**Data excerpts**
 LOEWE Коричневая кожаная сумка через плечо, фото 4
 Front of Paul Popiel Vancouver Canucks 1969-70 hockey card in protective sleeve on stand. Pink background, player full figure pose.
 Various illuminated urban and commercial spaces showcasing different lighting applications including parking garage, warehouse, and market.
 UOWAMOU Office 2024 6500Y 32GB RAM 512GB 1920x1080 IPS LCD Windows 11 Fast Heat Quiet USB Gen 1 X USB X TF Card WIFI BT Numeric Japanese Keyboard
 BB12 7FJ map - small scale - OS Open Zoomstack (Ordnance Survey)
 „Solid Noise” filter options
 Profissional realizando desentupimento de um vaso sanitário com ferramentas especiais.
* * *
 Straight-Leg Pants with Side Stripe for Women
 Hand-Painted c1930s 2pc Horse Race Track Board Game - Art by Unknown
* * *
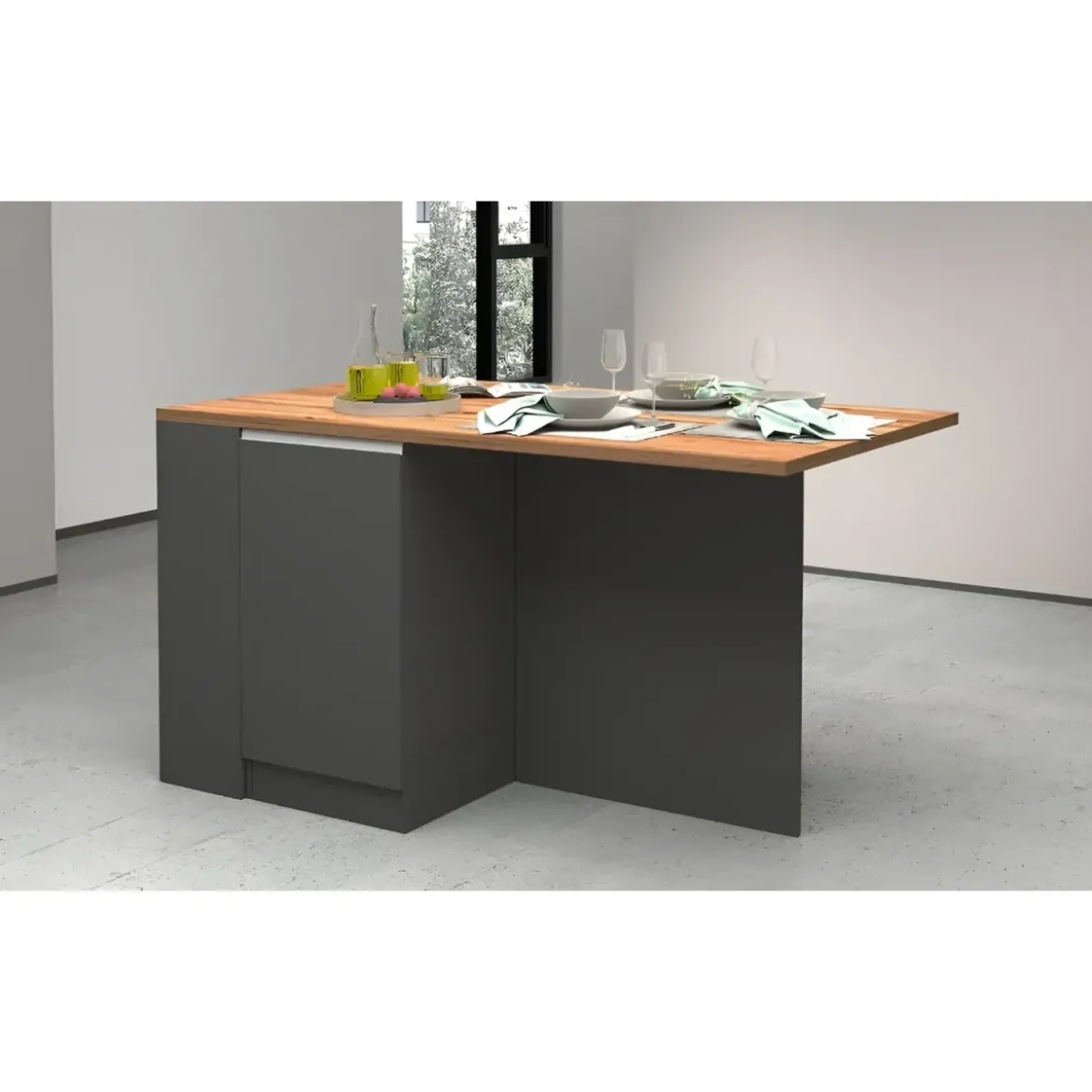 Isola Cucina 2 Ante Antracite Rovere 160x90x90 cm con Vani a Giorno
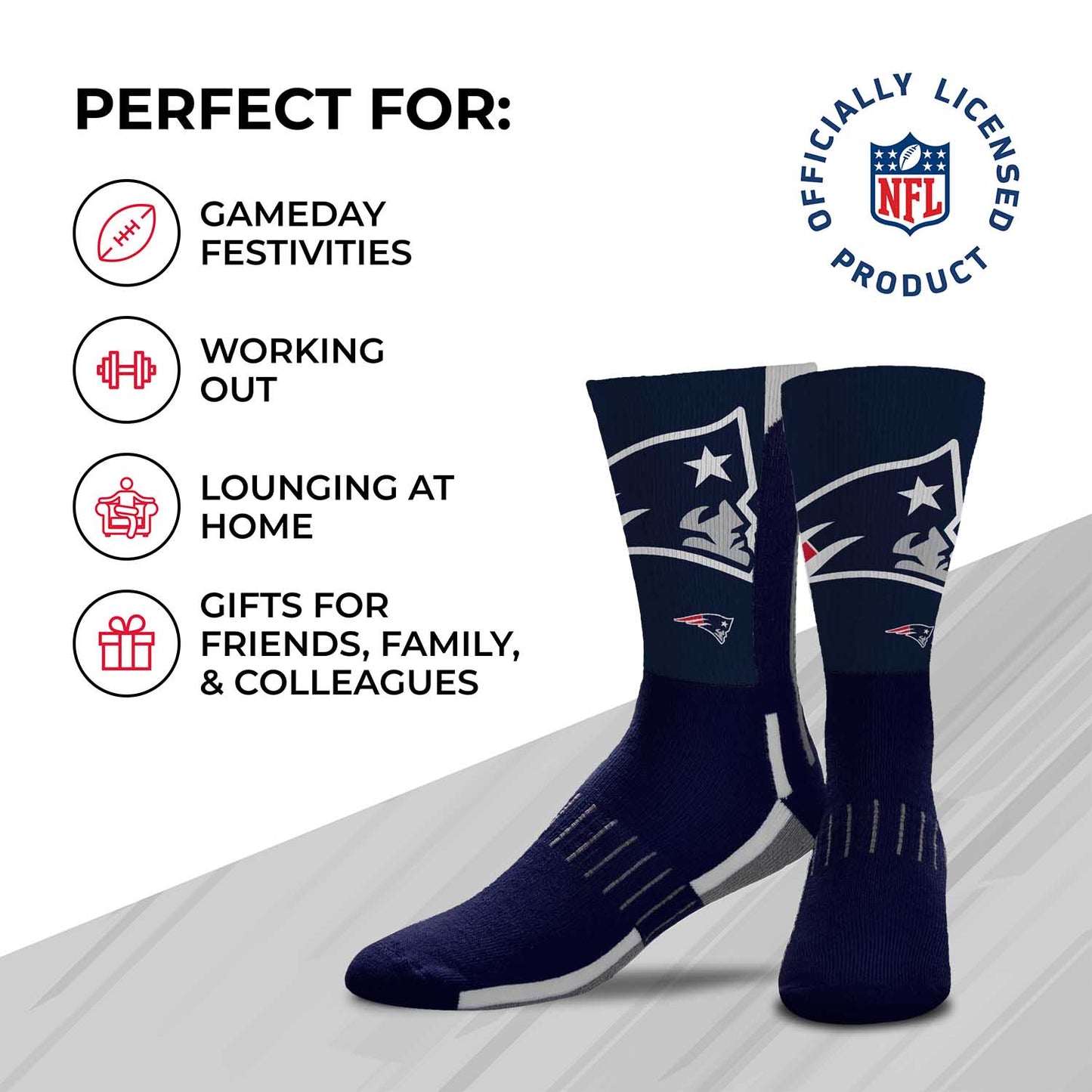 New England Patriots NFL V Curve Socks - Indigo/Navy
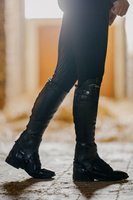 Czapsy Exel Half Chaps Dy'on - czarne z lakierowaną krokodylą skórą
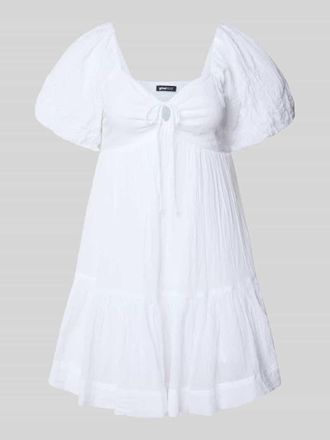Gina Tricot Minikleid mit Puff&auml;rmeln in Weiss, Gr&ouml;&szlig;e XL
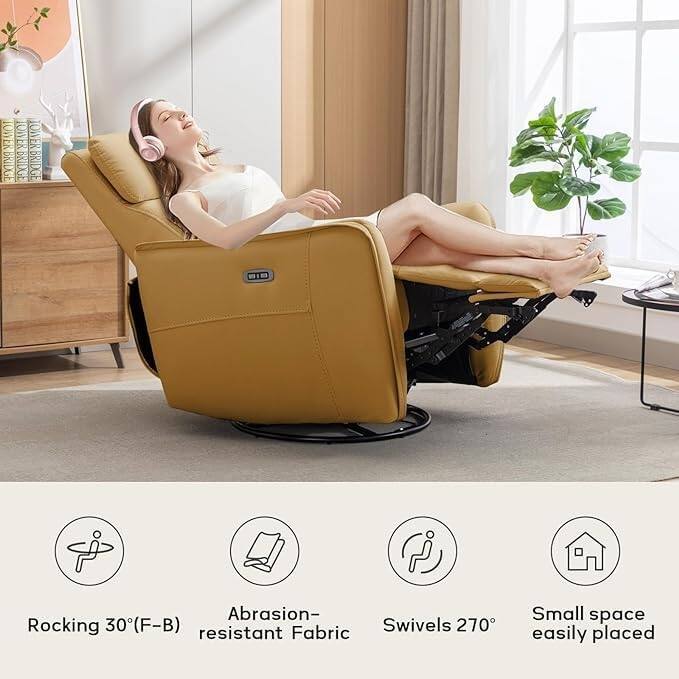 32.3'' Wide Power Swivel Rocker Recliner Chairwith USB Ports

**Task objective**
Reproduce exactly the lines above that run from the one with "Czapsy Exel Half" to the one with "32.3'' Wide Power", both included, leaving pictures out.

**Your response**
 Czapsy Exel Half Chaps Dy'on - czarne z lakierowaną krokodylą skórą
Gina Tricot Minikleid mit Puff&auml;rmeln in Weiss, Gr&ouml;&szlig;e XL
 32.3'' Wide Power Swivel Rocker Recliner Chairwith USB Ports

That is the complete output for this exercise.